# [WHAT TO WORK ON]
Only the lines from the one with "Design My Dress" to the end of the material should be reproduced, exactly and in full, both ends included.

# [MATERIAL TO PROCESS]
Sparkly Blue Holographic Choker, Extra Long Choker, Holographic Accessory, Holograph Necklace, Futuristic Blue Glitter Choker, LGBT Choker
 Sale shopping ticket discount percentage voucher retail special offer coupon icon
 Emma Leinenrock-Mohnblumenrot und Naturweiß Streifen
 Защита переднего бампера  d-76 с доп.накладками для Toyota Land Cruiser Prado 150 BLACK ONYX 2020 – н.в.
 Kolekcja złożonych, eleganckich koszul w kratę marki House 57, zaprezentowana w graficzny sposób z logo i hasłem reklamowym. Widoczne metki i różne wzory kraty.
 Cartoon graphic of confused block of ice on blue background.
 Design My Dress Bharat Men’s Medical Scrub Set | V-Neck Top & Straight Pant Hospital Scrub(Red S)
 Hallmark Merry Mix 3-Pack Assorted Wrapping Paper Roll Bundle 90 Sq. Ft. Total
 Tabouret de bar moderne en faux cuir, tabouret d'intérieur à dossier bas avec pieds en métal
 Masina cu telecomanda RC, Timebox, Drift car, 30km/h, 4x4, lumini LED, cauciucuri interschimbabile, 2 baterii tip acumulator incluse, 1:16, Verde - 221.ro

# [WRITTEN ANSWER]
 Design My Dress Bharat Men’s Medical Scrub Set | V-Neck Top & Straight Pant Hospital Scrub(Red S)
 Hallmark Merry Mix 3-Pack Assorted Wrapping Paper Roll Bundle 90 Sq. Ft. Total
 Tabouret de bar moderne en faux cuir, tabouret d'intérieur à dossier bas avec pieds en métal
 Masina cu telecomanda RC, Timebox, Drift car, 30km/h, 4x4, lumini LED, cauciucuri interschimbabile, 2 baterii tip acumulator incluse, 1:16, Verde - 221.ro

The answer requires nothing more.